◆ Extracted information ◆
((

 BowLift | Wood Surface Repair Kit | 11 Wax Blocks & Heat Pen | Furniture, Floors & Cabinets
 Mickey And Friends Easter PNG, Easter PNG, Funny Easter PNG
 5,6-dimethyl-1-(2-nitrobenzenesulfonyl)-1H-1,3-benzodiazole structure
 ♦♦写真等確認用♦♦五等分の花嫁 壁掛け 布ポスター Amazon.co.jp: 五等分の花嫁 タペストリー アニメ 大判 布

))
((

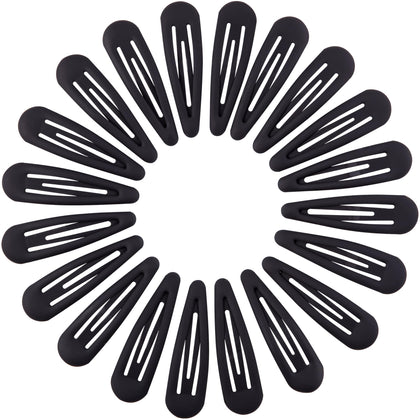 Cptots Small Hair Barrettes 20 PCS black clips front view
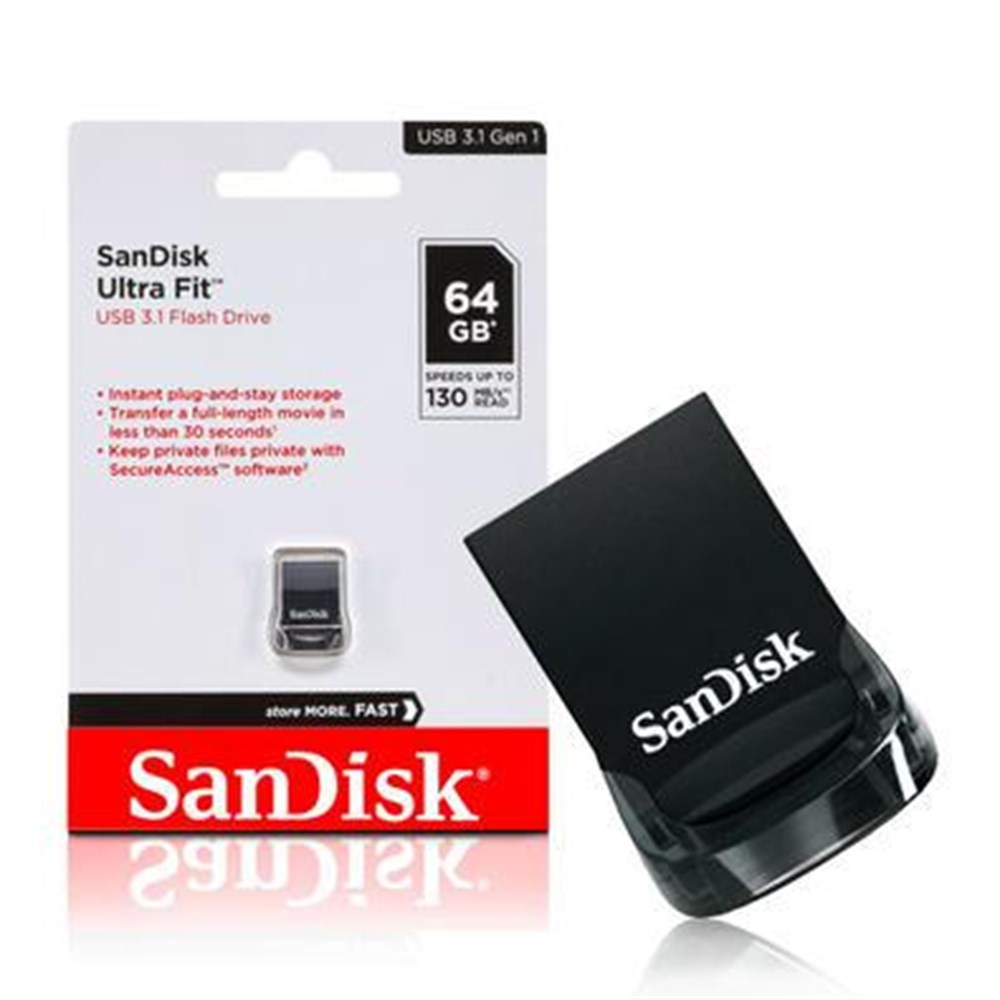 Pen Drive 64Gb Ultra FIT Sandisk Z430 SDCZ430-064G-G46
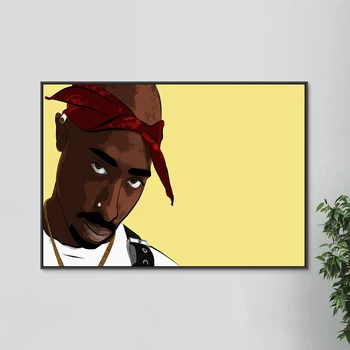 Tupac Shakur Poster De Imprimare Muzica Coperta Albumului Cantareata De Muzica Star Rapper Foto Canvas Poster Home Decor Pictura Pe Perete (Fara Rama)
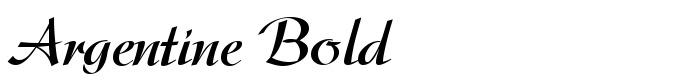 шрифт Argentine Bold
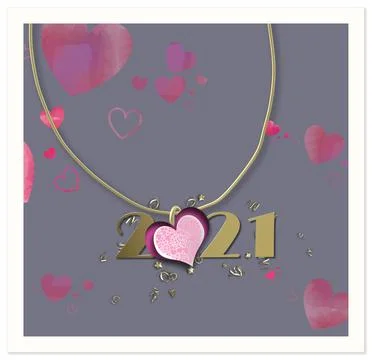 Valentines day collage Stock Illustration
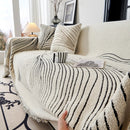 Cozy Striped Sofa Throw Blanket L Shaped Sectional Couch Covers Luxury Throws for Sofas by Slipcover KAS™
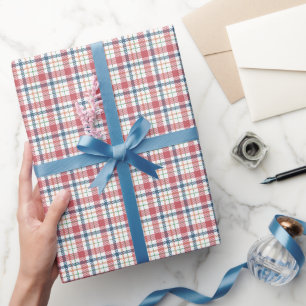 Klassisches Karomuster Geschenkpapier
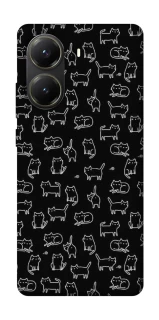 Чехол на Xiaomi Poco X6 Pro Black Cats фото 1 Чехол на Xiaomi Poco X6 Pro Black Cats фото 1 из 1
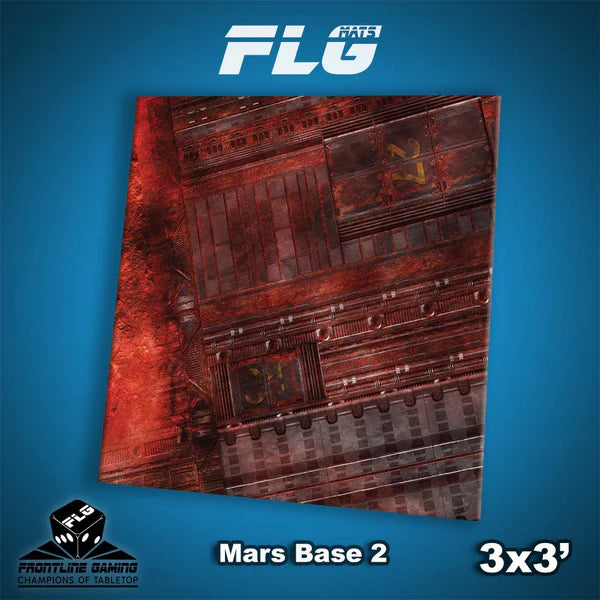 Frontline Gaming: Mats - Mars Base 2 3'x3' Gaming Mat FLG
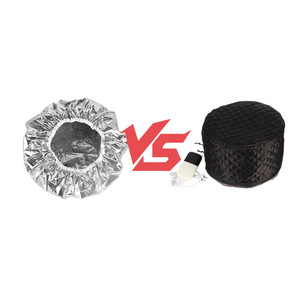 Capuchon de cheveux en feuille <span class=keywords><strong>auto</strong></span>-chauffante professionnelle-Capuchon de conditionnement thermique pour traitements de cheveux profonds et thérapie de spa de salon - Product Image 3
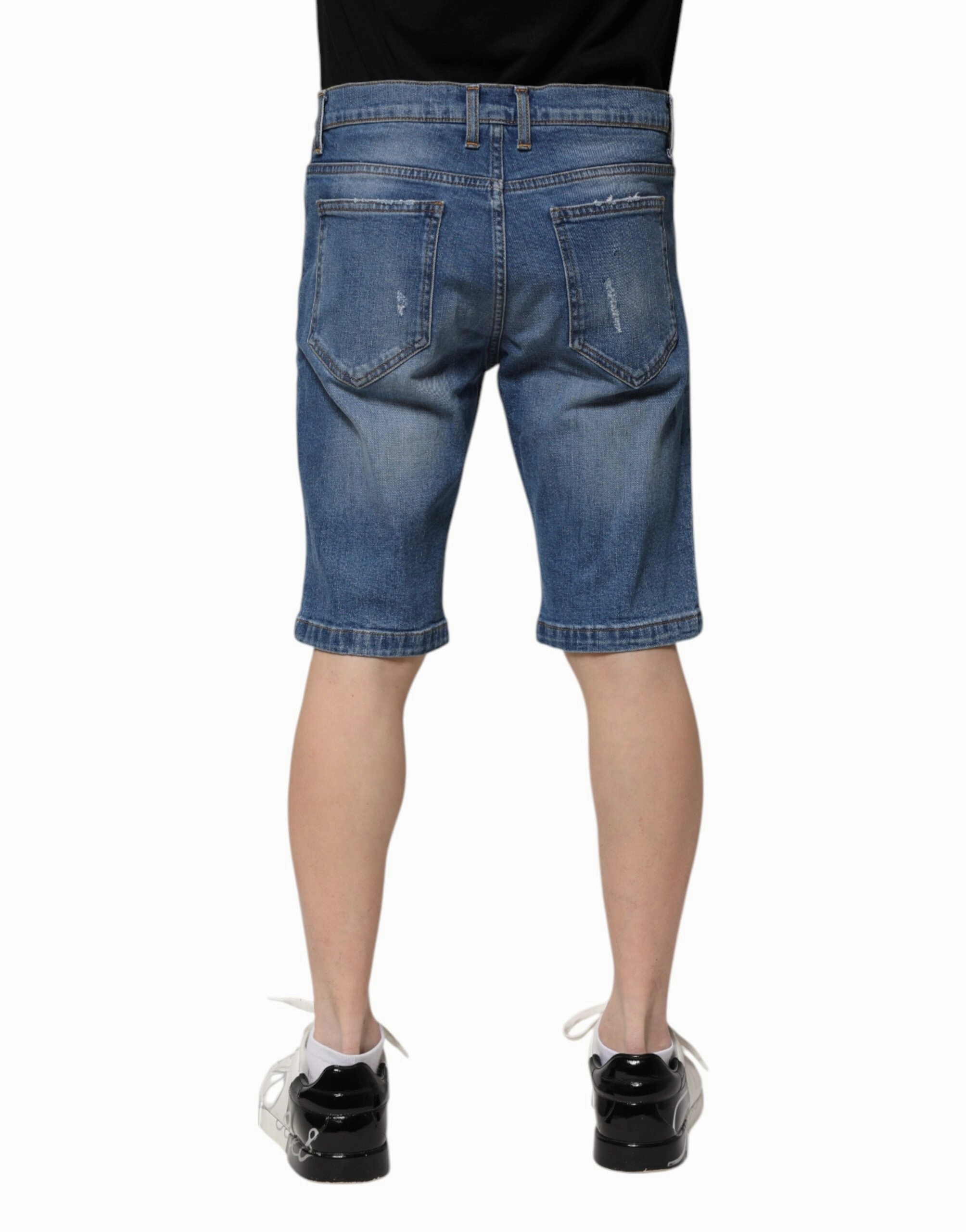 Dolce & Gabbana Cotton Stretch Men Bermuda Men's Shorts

))
((

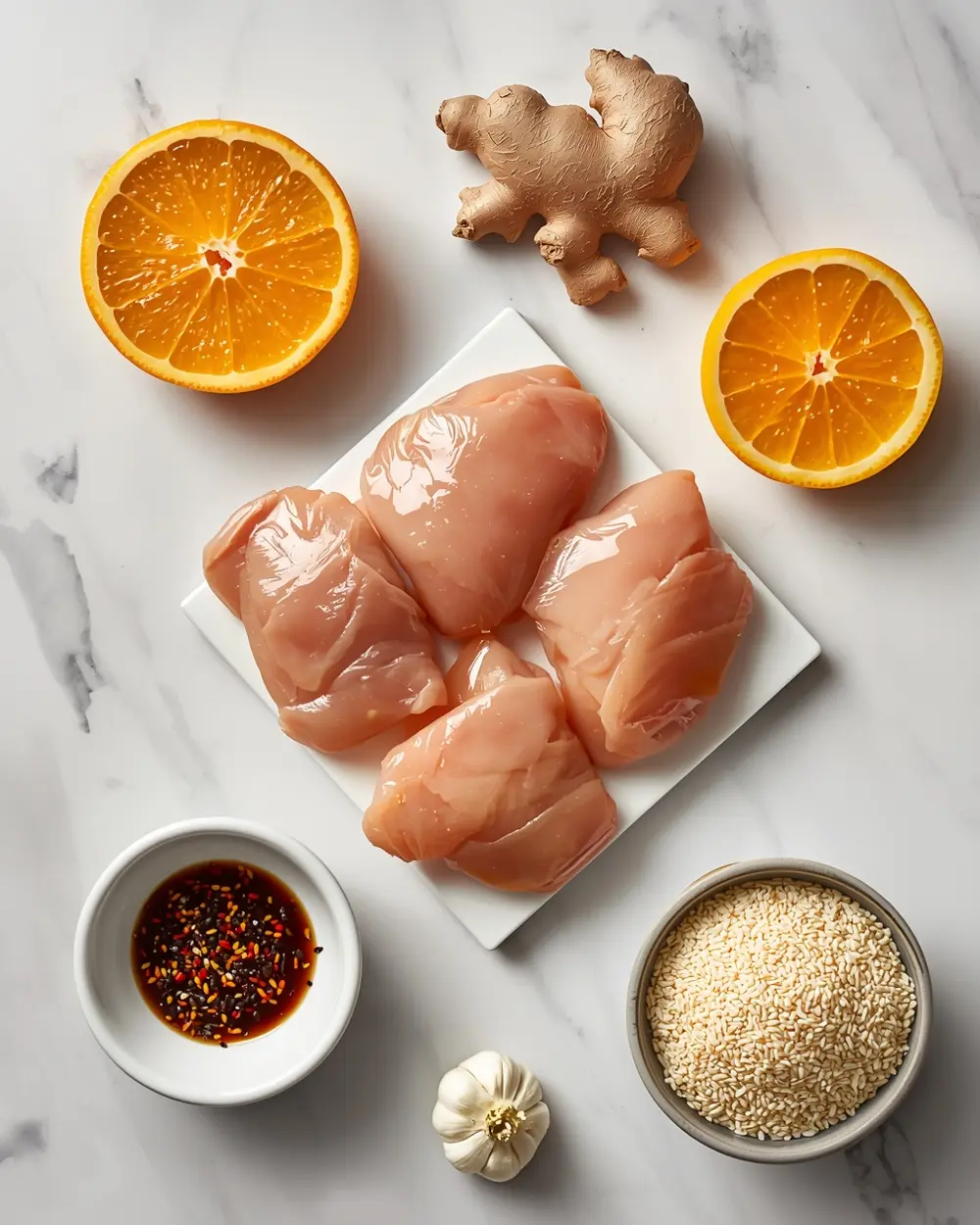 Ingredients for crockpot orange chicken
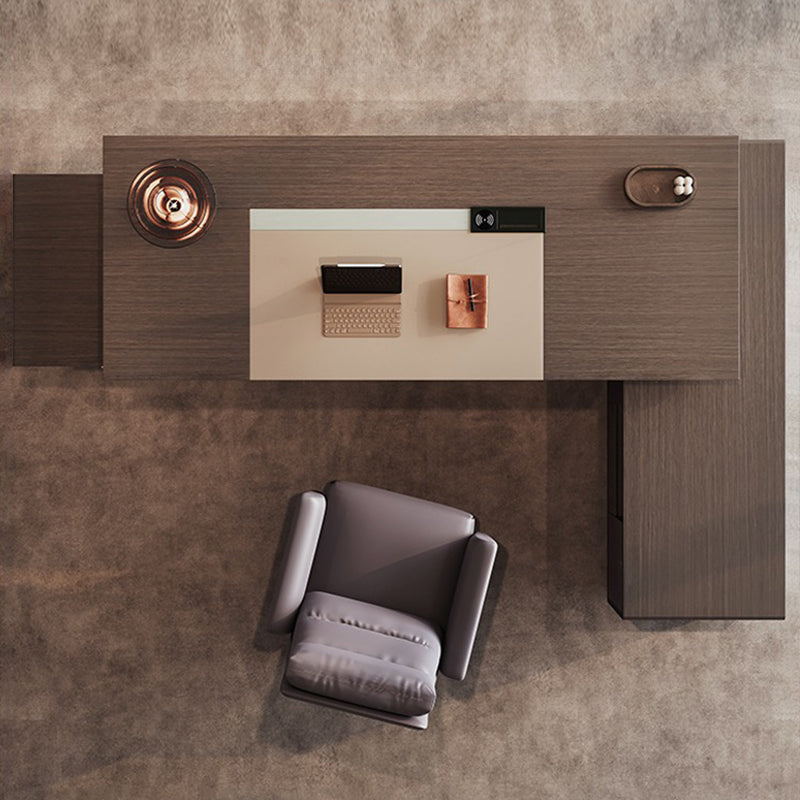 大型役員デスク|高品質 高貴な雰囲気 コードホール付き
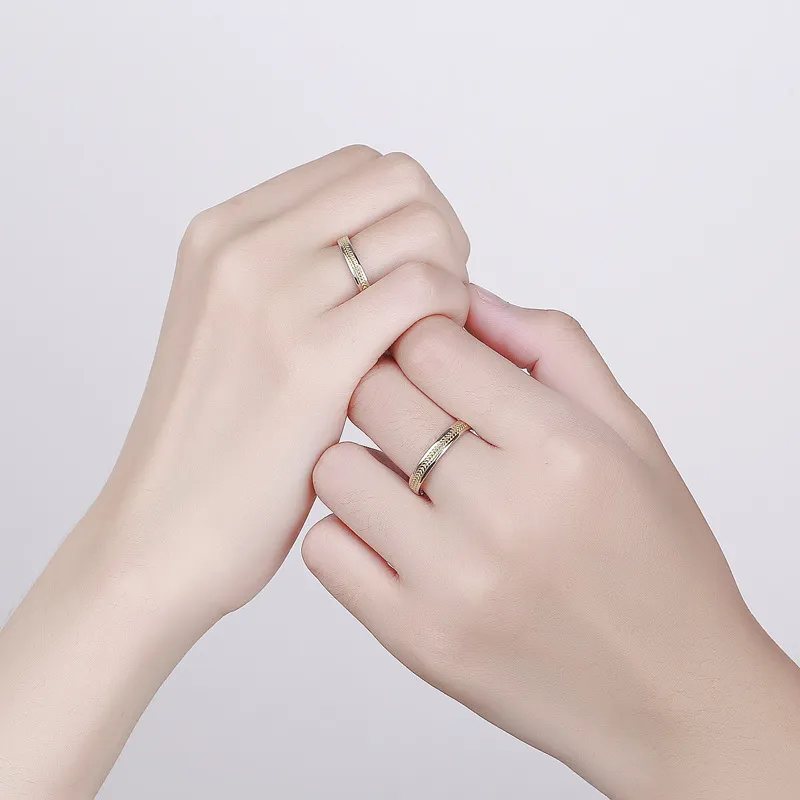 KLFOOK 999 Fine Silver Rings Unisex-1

))

◆ Try it ◆
Set down, exactly as written above, each line from the one with "大型役員デスク|高品質 高貴な雰囲気 コードホール付き" through the one with "KLFOOK 999 Fine Silver Rings Unisex-1", and skip the pictures.

◆ Exercise answer ◆
 大型役員デスク|高品質 高貴な雰囲気 コードホール付き
 KLFOOK 999 Fine Silver Rings Unisex-1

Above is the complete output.